All five suspects were then set free pending investigation. The leader of their Victory alliance, Sevak Khachatrian, confirmed on Monday that three of them ran as candidates for the local council of a district comprising Vagharshapat and 17 nearby villages.
Khachatrian rejected the accusations as politically motivated, saying that Civil Contract cannot come to terms with the fact that its main local challenger garnered more than 10,000 votes.
“They are also worried that in five months, during the National Assembly elections, they will face in this community oppositionists with so many votes,” he told a news conference.
According to the official election results, Civil Contract won the weekend ballot with over 48 percent of the vote, giving it an absolute majority in the council empowered to appoint the district chief. Victory got about 32 percent, followed by another opposition group.
Civil Contract prevailed thanks to its strong showing in 16 villages that were merged with Vagharshapat into a single community earlier this year. The party led by Prime Minister Nikol Pashinian and Victory were essentially tied in the town itself. Nevertheless, Pashinian portrayed the election outcome as a vote of confidence in his government.
“Can you imagine [what would happen] if we won? I think our whole team would be in prison,” Khachatrian said, clearly alluding to the recent arrests of Vartan Ghukasian, the opposition mayor of Armenia’s second largest city of Gyumri, and over two dozen of his supporters.
Ghukasian was arrested on corruption charges seven months after four opposition groups collectively defeated Pashinian’s party in a municipal election. The mayor strongly denies the charges. Opposition leaders claim that Pashinian ordered his prosecution in a bid to overturn the results of the Gyumri election. The premier has dismissed these claims.

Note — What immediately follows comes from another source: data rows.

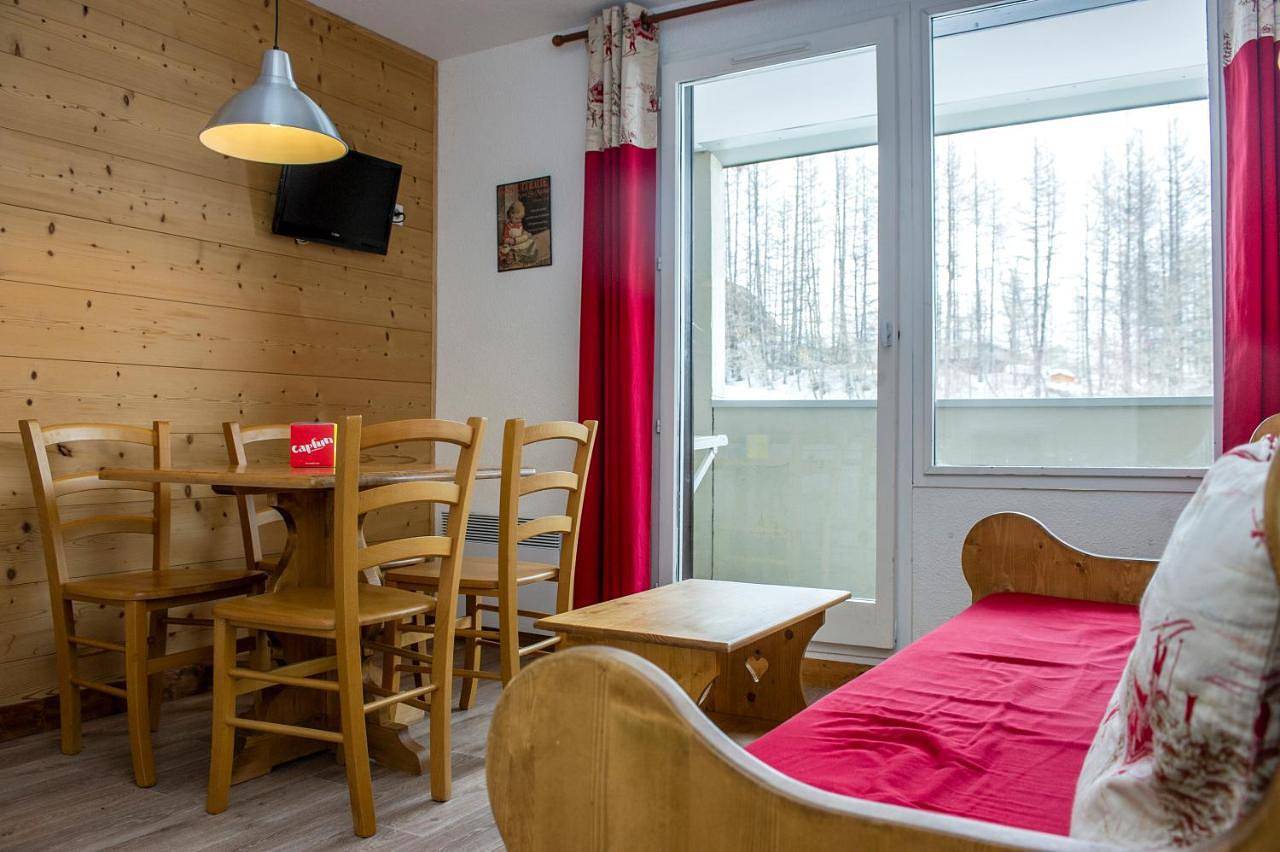 One-Bedroom Apartment in Huez, Parc national des Écrins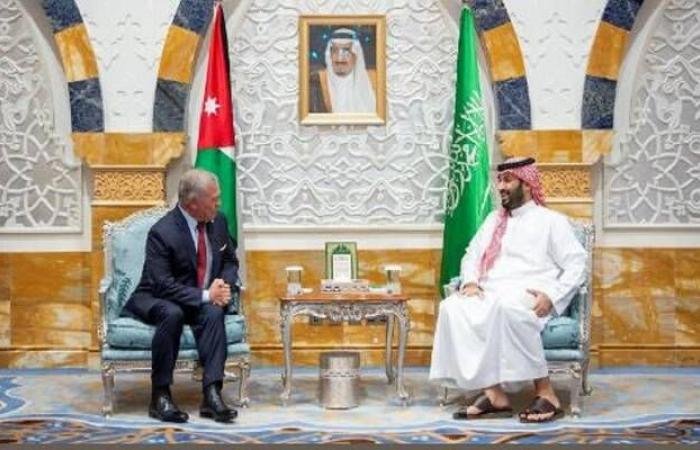 ولي العهد وملك الأردن يستعرضان العلاقات الثنائية وتداعيات التوترات الإقليمية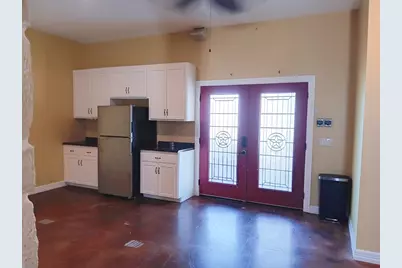 9500 Mayfield Avenue #E, Shiro, TX 77876 - Photo 3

Pashinian had already been accused of resorting to politically motivated criminal cases and foul play to reverse Civil Contract’s defeats in local polls held in other major urban communities, including Armenia’s third largest city of Vanadzor. The leader of a local opposition bloc, Mamikon Aslanian, was arrested in December 2021 just as he was poised to again become Vanadzor mayor. Aslanian spent two and a half years in prison before being sentenced in January this year to four and a half years’ imprisonment on corruption charges denied by him.